Try it: Word for word, retype every entry in the listing.

═══ Input data ═══

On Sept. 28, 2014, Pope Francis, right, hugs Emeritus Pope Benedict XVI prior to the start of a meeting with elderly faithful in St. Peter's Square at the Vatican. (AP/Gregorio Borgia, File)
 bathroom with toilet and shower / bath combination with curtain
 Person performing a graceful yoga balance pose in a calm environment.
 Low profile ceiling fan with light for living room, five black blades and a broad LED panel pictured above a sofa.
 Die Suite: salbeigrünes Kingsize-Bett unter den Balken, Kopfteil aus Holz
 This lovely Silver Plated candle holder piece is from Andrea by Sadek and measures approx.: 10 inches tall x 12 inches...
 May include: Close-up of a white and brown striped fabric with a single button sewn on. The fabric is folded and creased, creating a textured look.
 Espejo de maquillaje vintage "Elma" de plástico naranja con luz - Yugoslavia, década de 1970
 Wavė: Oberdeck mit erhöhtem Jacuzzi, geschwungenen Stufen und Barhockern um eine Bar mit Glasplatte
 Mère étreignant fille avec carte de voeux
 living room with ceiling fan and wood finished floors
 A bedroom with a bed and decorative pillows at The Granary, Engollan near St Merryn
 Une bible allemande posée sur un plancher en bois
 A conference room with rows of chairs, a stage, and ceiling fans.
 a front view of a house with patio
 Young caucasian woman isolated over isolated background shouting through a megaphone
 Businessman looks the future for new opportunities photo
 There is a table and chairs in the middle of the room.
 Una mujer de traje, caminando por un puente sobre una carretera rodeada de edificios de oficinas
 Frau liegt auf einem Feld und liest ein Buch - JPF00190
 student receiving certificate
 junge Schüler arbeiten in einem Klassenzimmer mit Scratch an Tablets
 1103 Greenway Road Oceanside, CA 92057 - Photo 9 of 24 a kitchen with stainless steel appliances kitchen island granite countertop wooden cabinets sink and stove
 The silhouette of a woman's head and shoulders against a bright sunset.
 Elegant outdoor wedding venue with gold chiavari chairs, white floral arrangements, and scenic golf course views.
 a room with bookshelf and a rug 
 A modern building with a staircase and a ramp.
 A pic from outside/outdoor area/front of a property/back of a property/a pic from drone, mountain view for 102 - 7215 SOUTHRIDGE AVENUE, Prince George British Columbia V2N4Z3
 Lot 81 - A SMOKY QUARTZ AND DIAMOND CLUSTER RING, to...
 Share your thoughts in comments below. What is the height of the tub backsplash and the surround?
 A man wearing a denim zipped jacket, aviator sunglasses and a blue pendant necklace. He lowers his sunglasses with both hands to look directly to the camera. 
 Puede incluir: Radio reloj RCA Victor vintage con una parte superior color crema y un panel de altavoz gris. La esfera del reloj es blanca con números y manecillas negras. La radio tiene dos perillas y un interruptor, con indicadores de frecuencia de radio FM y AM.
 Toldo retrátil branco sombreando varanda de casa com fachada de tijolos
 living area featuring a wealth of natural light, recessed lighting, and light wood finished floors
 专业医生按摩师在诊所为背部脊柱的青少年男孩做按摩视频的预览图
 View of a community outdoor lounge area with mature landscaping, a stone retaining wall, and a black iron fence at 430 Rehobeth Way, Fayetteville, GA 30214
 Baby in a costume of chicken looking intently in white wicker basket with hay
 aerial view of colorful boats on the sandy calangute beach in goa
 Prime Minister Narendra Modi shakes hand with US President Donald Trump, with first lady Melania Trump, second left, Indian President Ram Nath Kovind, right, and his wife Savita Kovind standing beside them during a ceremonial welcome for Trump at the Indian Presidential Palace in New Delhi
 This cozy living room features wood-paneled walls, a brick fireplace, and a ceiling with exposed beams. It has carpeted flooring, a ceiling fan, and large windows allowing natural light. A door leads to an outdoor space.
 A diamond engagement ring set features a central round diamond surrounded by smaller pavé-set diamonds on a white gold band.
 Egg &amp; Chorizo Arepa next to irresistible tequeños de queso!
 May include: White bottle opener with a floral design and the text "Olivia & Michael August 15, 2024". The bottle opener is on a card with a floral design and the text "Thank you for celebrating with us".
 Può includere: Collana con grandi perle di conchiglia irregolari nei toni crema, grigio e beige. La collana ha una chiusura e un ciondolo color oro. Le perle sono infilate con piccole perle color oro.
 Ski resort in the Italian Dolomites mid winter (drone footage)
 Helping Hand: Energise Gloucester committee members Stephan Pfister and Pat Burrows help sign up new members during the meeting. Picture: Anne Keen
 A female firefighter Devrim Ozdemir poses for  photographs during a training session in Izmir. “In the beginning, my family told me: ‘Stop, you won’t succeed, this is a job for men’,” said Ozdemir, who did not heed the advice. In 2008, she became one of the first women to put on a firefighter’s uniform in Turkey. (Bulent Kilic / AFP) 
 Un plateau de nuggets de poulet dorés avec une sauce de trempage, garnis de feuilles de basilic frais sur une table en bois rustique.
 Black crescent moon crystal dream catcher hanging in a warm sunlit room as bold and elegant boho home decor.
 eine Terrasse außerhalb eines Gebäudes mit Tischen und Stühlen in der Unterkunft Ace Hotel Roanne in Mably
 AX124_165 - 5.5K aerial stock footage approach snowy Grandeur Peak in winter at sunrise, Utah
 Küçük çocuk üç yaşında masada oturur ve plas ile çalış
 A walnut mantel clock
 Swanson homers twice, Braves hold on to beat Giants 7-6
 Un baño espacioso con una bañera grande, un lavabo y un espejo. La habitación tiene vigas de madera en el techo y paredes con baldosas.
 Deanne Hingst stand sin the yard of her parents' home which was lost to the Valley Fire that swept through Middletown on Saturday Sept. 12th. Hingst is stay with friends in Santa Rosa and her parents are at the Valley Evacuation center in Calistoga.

═══

Written response:
On Sept. 28, 2014, Pope Francis, right, hugs Emeritus Pope Benedict XVI prior to the start of a meeting with elderly faithful in St. Peter's Square at the Vatican. (AP/Gregorio Borgia, File)
 bathroom with toilet and shower / bath combination with curtain
 Person performing a graceful yoga balance pose in a calm environment.
 Low profile ceiling fan with light for living room, five black blades and a broad LED panel pictured above a sofa.
 Die Suite: salbeigrünes Kingsize-Bett unter den Balken, Kopfteil aus Holz
 This lovely Silver Plated candle holder piece is from Andrea by Sadek and measures approx.: 10 inches tall x 12 inches...
 May include: Close-up of a white and brown striped fabric with a single button sewn on. The fabric is folded and creased, creating a textured look.
 Espejo de maquillaje vintage "Elma" de plástico naranja con luz - Yugoslavia, década de 1970
 Wavė: Oberdeck mit erhöhtem Jacuzzi, geschwungenen Stufen und Barhockern um eine Bar mit Glasplatte
 Mère étreignant fille avec carte de voeux
 living room with ceiling fan and wood finished floors
 A bedroom with a bed and decorative pillows at The Granary, Engollan near St Merryn
 Une bible allemande posée sur un plancher en bois
 A conference room with rows of chairs, a stage, and ceiling fans.
 a front view of a house with patio
 Young caucasian woman isolated over isolated background shouting through a megaphone
 Businessman looks the future for new opportunities photo
 There is a table and chairs in the middle of the room.
 Una mujer de traje, caminando por un puente sobre una carretera rodeada de edificios de oficinas
 Frau liegt auf einem Feld und liest ein Buch - JPF00190
 student receiving certificate
 junge Schüler arbeiten in einem Klassenzimmer mit Scratch an Tablets
 1103 Greenway Road Oceanside, CA 92057 - Photo 9 of 24 a kitchen with stainless steel appliances kitchen island granite countertop wooden cabinets sink and stove
 The silhouette of a woman's head and shoulders against a bright sunset.
 Elegant outdoor wedding venue with gold chiavari chairs, white floral arrangements, and scenic golf course views.
 a room with bookshelf and a rug 
 A modern building with a staircase and a ramp.
 A pic from outside/outdoor area/front of a property/back of a property/a pic from drone, mountain view for 102 - 7215 SOUTHRIDGE AVENUE, Prince George British Columbia V2N4Z3
 Lot 81 - A SMOKY QUARTZ AND DIAMOND CLUSTER RING, to...
 Share your thoughts in comments below. What is the height of the tub backsplash and the surround?
 A man wearing a denim zipped jacket, aviator sunglasses and a blue pendant necklace. He lowers his sunglasses with both hands to look directly to the camera. 
 Puede incluir: Radio reloj RCA Victor vintage con una parte superior color crema y un panel de altavoz gris. La esfera del reloj es blanca con números y manecillas negras. La radio tiene dos perillas y un interruptor, con indicadores de frecuencia de radio FM y AM.
 Toldo retrátil branco sombreando varanda de casa com fachada de tijolos
 living area featuring a wealth of natural light, recessed lighting, and light wood finished floors
 专业医生按摩师在诊所为背部脊柱的青少年男孩做按摩视频的预览图
 View of a community outdoor lounge area with mature landscaping, a stone retaining wall, and a black iron fence at 430 Rehobeth Way, Fayetteville, GA 30214
 Baby in a costume of chicken looking intently in white wicker basket with hay
 aerial view of colorful boats on the sandy calangute beach in goa
 Prime Minister Narendra Modi shakes hand with US President Donald Trump, with first lady Melania Trump, second left, Indian President Ram Nath Kovind, right, and his wife Savita Kovind standing beside them during a ceremonial welcome for Trump at the Indian Presidential Palace in New Delhi
 This cozy living room features wood-paneled walls, a brick fireplace, and a ceiling with exposed beams. It has carpeted flooring, a ceiling fan, and large windows allowing natural light. A door leads to an outdoor space.
 A diamond engagement ring set features a central round diamond surrounded by smaller pavé-set diamonds on a white gold band.
 Egg &amp; Chorizo Arepa next to irresistible tequeños de queso!
 May include: White bottle opener with a floral design and the text "Olivia & Michael August 15, 2024". The bottle opener is on a card with a floral design and the text "Thank you for celebrating with us".
 Può includere: Collana con grandi perle di conchiglia irregolari nei toni crema, grigio e beige. La collana ha una chiusura e un ciondolo color oro. Le perle sono infilate con piccole perle color oro.
 Ski resort in the Italian Dolomites mid winter (drone footage)
 Helping Hand: Energise Gloucester committee members Stephan Pfister and Pat Burrows help sign up new members during the meeting. Picture: Anne Keen
 A female firefighter Devrim Ozdemir poses for  photographs during a training session in Izmir. “In the beginning, my family told me: ‘Stop, you won’t succeed, this is a job for men’,” said Ozdemir, who did not heed the advice. In 2008, she became one of the first women to put on a firefighter’s uniform in Turkey. (Bulent Kilic / AFP) 
 Un plateau de nuggets de poulet dorés avec une sauce de trempage, garnis de feuilles de basilic frais sur une table en bois rustique.
 Black crescent moon crystal dream catcher hanging in a warm sunlit room as bold and elegant boho home decor.
 eine Terrasse außerhalb eines Gebäudes mit Tischen und Stühlen in der Unterkunft Ace Hotel Roanne in Mably
 AX124_165 - 5.5K aerial stock footage approach snowy Grandeur Peak in winter at sunrise, Utah
 Küçük çocuk üç yaşında masada oturur ve plas ile çalış
 A walnut mantel clock
 Swanson homers twice, Braves hold on to beat Giants 7-6
 Un baño espacioso con una bañera grande, un lavabo y un espejo. La habitación tiene vigas de madera en el techo y paredes con baldosas.
 Deanne Hingst stand sin the yard of her parents' home which was lost to the Valley Fire that swept through Middletown on Saturday Sept. 12th. Hingst is stay with friends in Santa Rosa and her parents are at the Valley Evacuation center in Calistoga.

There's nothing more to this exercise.